Tuesday, June 12, 2012

Skirt to Dress #2

I gave a little hint in this post about the Skirt to Dress creation, but it has been quite some time since then. I finally finished this dress for Widget almost a month ago (wow, time sure does fly), and she has worn it many times since then. This usually means that the garment was a success in Widget's eyes :) And it cost me under $10-the skirt was a Garage Sale find, the fabric I got at Joanns with a coupon, and I already had the eyelet ribbon in my stash.
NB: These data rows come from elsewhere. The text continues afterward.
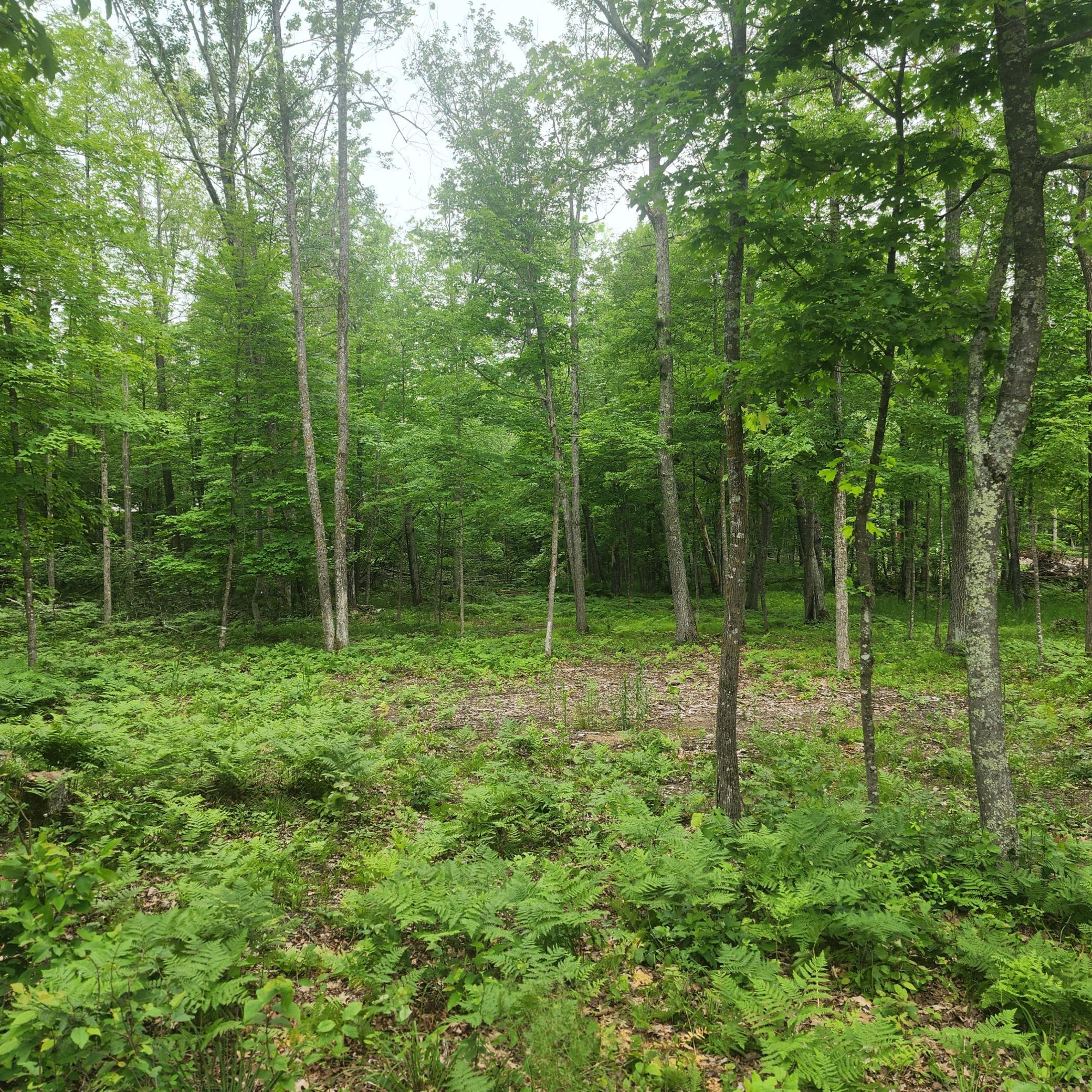 Tbd 186th Ave Property Photo 2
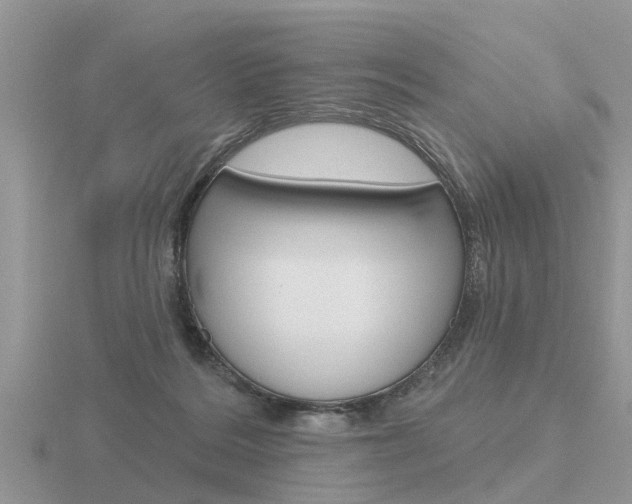 X0000116650220200912141012
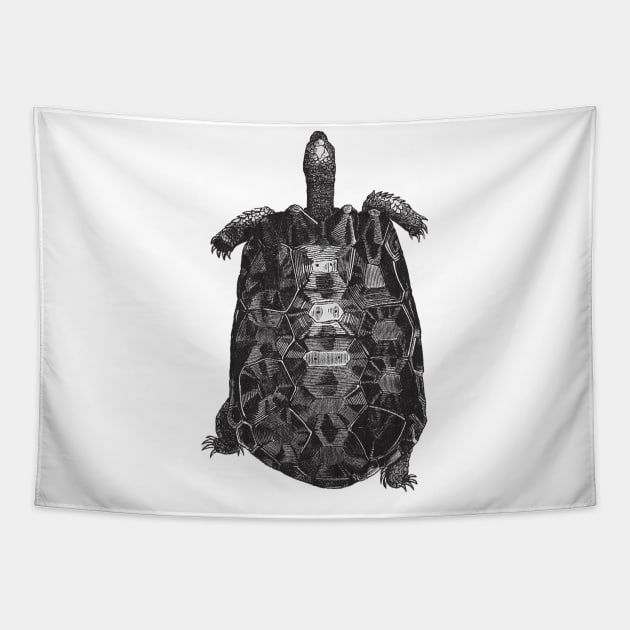 Tortoise Nature Drawing Tapestry by KnuckleTonic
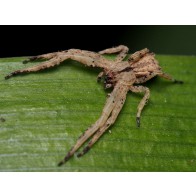 Square ended crab spider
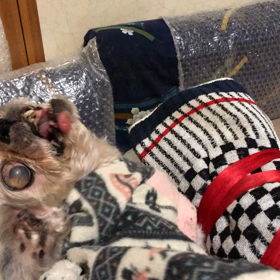 全て私が悪いんですの画像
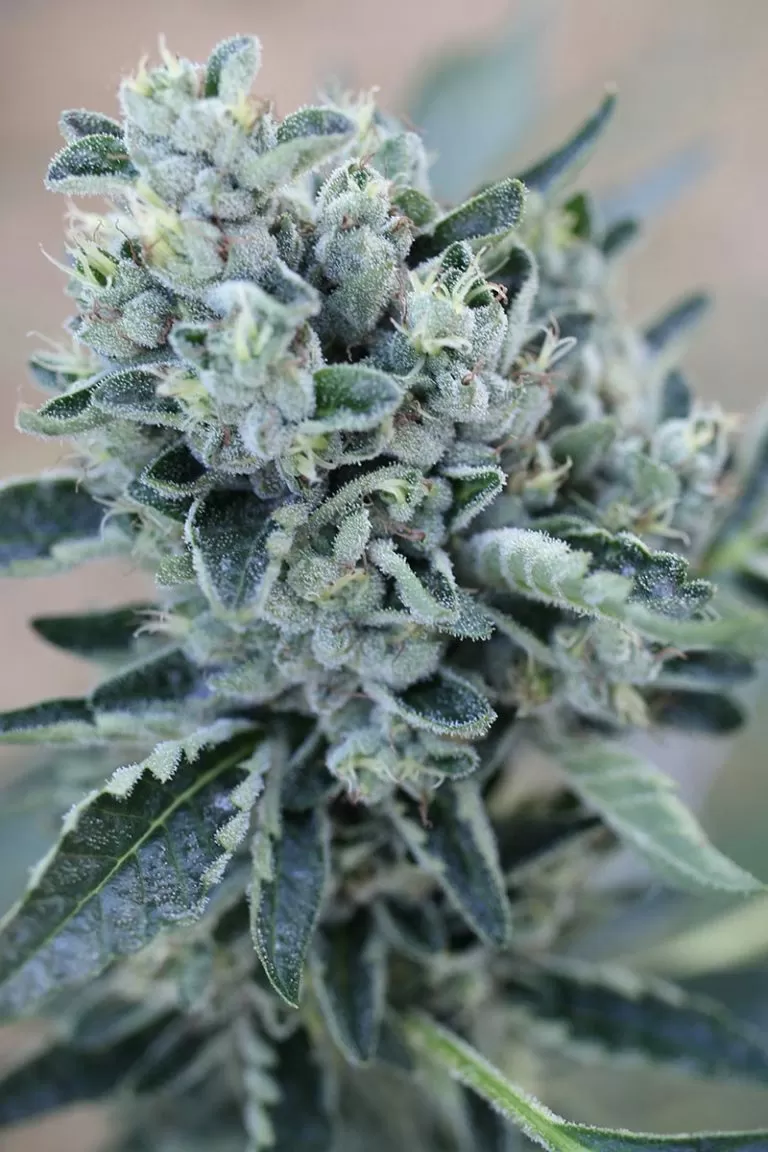 Big Haze feminized seeds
*This is not a full tutorial, but summary of the things I did in the  process of making the above dress.

What I used:
  • 1 Jr's Skirt-with shirred waist band (a strapless shirt with shirred top would work too, like this one)
  • White cotton fabric
  • T-shirt-I used one that is a little big for my child (to trace for the pattern)
  • 2-3 yards of cotton eyelet 'ribbon' (as binding)-bias binding would work as well
  • Scissors, pins, thread (of matching color), marking pen, etc.
  • Sewing Machine
  • Fancy button-for back closure
  • Thick elastic cord-loop for back closure
 I later cut the actually sleeves off of the pattern and used the binding only to make an arm opening. I also cut the back piece of the shirt down the middle to create an opening for a later step. I pinned and sewed the eyelet ribbon (binding) on the arm area, then around the neck and back opening.

After sleeve binding is sewn on, turn shirt wrong side out and sew up the sides (creating side seams). Once shirt and binding is complete, place it into shirred skirt and pin like crazy. I marked the center of the bodice, etc, with a disappearing pen so as to be able to match up the two pieces (skirt and shirt).
 I used the binding to finish the edges of the back 'slit.' I wanted to be able to slip the dress on and off Widget without a lot of force, so I did not connect the back edges of the shirt. Also, I only tacked the shirt to the skirt in strategic places (the front middle area, side seams, back slit) so as not to restrict the stretch of the shirring.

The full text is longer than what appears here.